ISTOÉ – É verdade que você deixou José Carlos Pace passar para que ele conquistasse sua primeira vitória?
Emerson – Nada disso. Vou esclarecer isso de uma vez por todas. O Moco (apelido de Pace) vinha muito rápido, estava me pressionando há muito tempo e eu não tive como segurá-lo. Éramos amigos, da turma do Pacaembu (bairro de São Paulo). Fomos criados juntos. Mas dentro da pista não existem essas coisas. Alguém acha que eu iria perder a chance de vencer no Brasil?
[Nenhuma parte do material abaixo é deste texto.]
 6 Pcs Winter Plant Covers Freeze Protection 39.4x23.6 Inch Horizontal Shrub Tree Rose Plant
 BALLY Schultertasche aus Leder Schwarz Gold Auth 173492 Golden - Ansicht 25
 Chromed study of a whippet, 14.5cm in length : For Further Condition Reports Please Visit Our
“O GP Brasil de 1982 é meu”

Pelas estatísticas da FIA o tricampeão mundial de F-1 Nélson Piquet venceu dois GPs do Brasil. Mas para o ex-piloto, a conquista que mais lhe deu prazer foi a de 1982. Piquet ganhou mas não levou.

ISTOÉ – Você venceu duas vezes no Brasil. Qual das vitórias deu mais prazer?
Nelson Piquet – Duas não. Ganhei três.

ISTOÉ – Mas em 1982 a FIA anulou o resultado…
Piquet – Não quero saber. Ganhei e pronto. O troféu está aqui em casa e o dinheiro do prêmio entrou na conta. Se tiraram depois, azar o deles. Foi uma corrida dura. Fazia mais de 40° no Rio e nós tínhamos que competir contra carros-asa, equipados com motor turbo. Na época, o Brabham era aspirado. A prova foi muito disputada. Por isso tive um prazer enorme de vencê-la.
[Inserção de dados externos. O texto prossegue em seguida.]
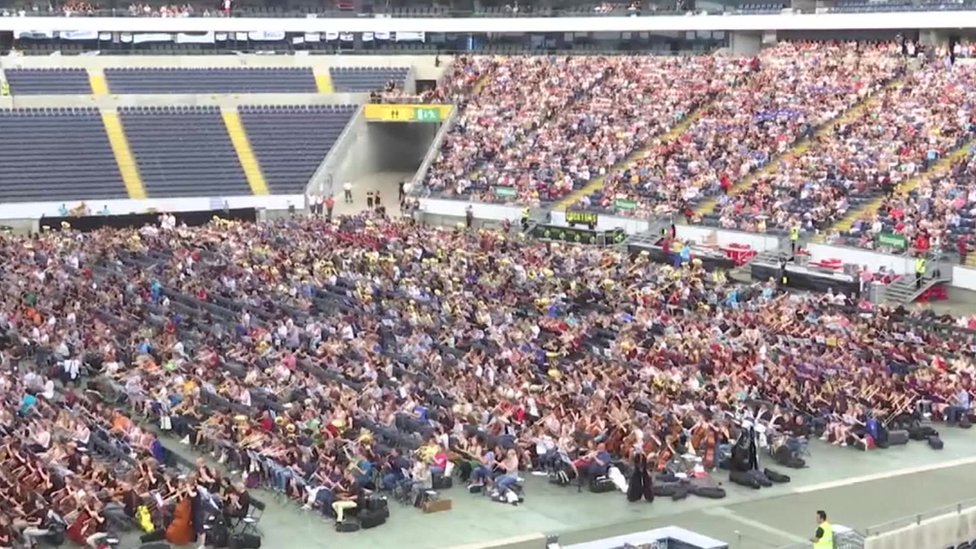 World record for the largest orchestra BBC News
ISTOÉ – E o mico de 1981? Por que você optou por pneus para pista seca quando todo mundo sabia que iria chover em Jacarepaguá?
Piquet – Caíram de pau em cima de mim. Mas ninguém fala que a decisão não foi só minha. Esse tipo de escolha é feito pelo piloto em conjunto com o engenheiro e o projetista do carro. Arriscamos. Acreditávamos que a chuva pararia logo. Se isso acontecesse, abriríamos uma vantagem enorme, pois os outros teriam que parar nos boxes para trocar os pneus.
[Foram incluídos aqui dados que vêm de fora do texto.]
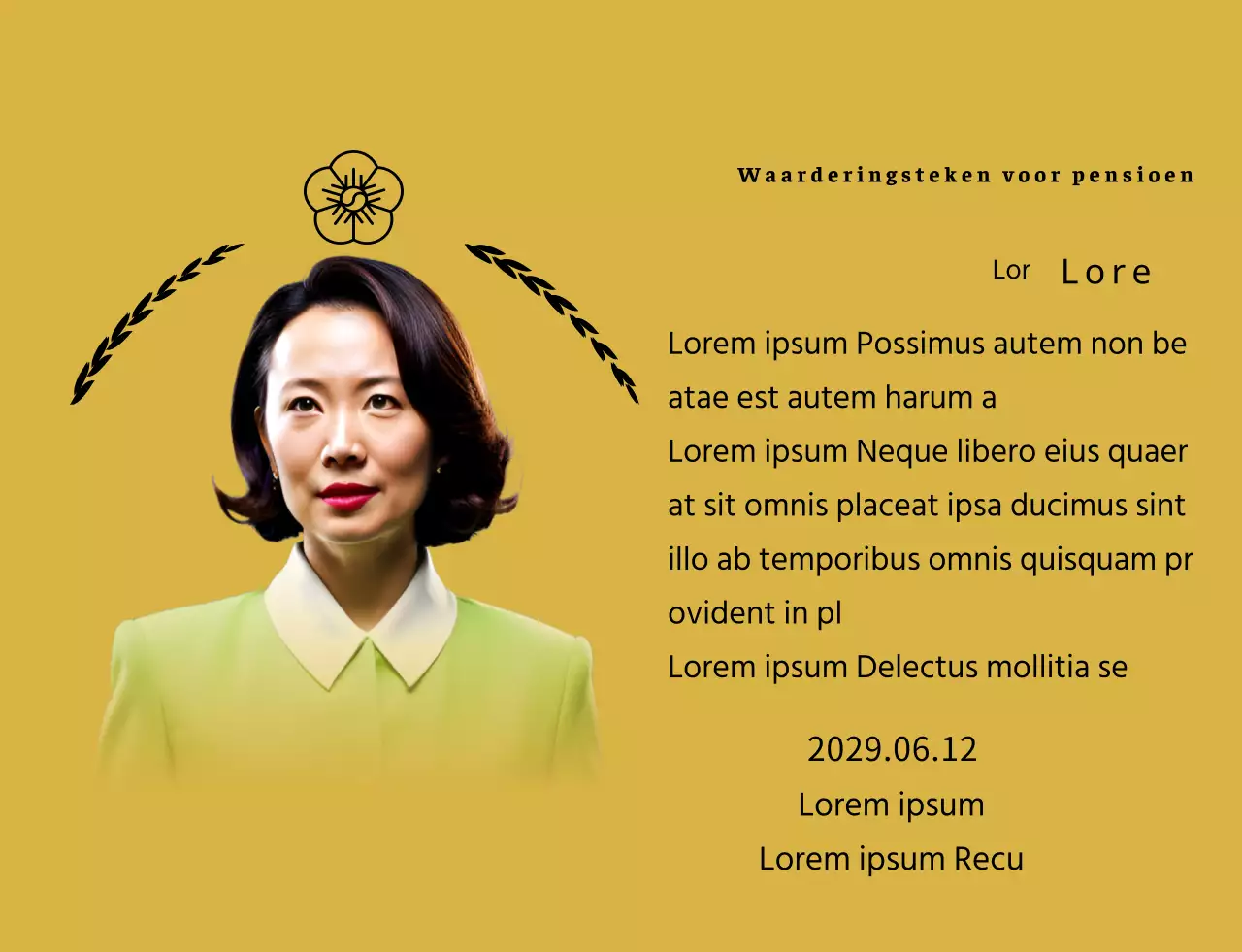 Een stijlvolle pensioenplaquette met gouden lauwerkransen en een hakenkruis.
ISTO É – Qual a sua melhor história no GP Brasil?
Piquet – Foi em 1979. Na corrida anterior, na Argentina, dei uma porrada no Jody Scheckter e quebrei os dois calcanhares. Os médicos não queriam me deixar correr. Mas como eu poderia ficar de fora do meu primeiro GP do Brasil? Depois de muita insistência os doutores me liberaram. Mas para isso tive que tomar um monte de analgésicos. Eu sabia que não aguentaria até o final. Então, larguei com pouca gasolina. O carro leve permitiu que eu ultrapassasse uns cinco carros no começo da corrida. Quando a galera estava se empolgando, parei. Foi tudo planejado. Fiz a minha média e saí do carro direto para a cadeira de rodas.

ISTO É – Qual a maior frustração?
Piquet – A prova de 1987. O Williams estava acertadinho e tínhamos tudo para vencer. O problema é que logo no início da corrida papéis jogados pela torcida entupiram o radiador. O motor começou a esquentar. Tive que diminuir o ritmo. Nessa, o rabudo do Prost ganhou.

ISTO É – O que é correr no Brasil?
Piquet –A pressão é maior. Aqui você sente o público. O cara deixa a tevê para te ver andar. O tratamento da imprensa também é diferente. A cobrança é maior. Mas é sempre bom andar em casa.